Yesterday we attended Madeleine L'Engle's memorial service at the Cathedral of St. John the Divine. Most of the sisters from our house were there; she was a beloved friend and Associate of our community, and she often gave workshops and lectures to benefit the community's financial situation. For a couple of the sisters that friendship spanned almost fifty years, and they were eager to be there, even if it meant taking a taxi for a block and a half. The service was lovely and well-attended. The sermon preached was a loving tribute, and a reading from Walking on Water, her book that explores the relationship between art and faith, brought her spirit into the present, even though her mortal body now rests in the cathedral columbarium.

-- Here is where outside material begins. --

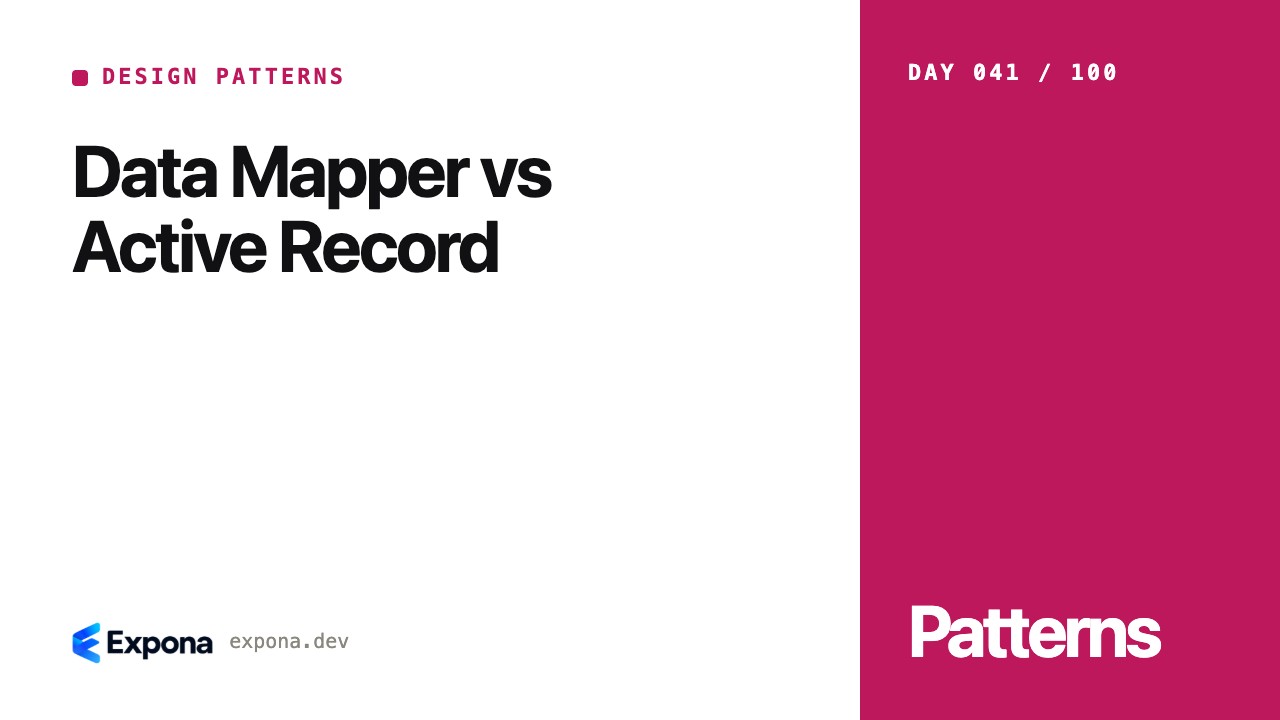 Data Mapper vs Active Record: what developers should know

As we walked (slowly) back home from the reception, one sister told me that she and Madeleine were the same age. Not true. Madeleine would have been 89 today and my sister is only 86. (Only 86!) At that age, who can quibble? Would that I could have the vertical relationship with God that my sister has. My relationship is much more untidy. My faith comes in fits and starts. But just as Madeleine stretched my mind and my writing skills, my sister stretches my spirituality.
As Madeleine said, "The paradox of faith lies on the other side of reason." Another quote (that will give me plenty to think about on my long retreat) was: "The opposite of sin is faith, not virtue." How well she understood the paradox of opposites, as well as the paradox of faith.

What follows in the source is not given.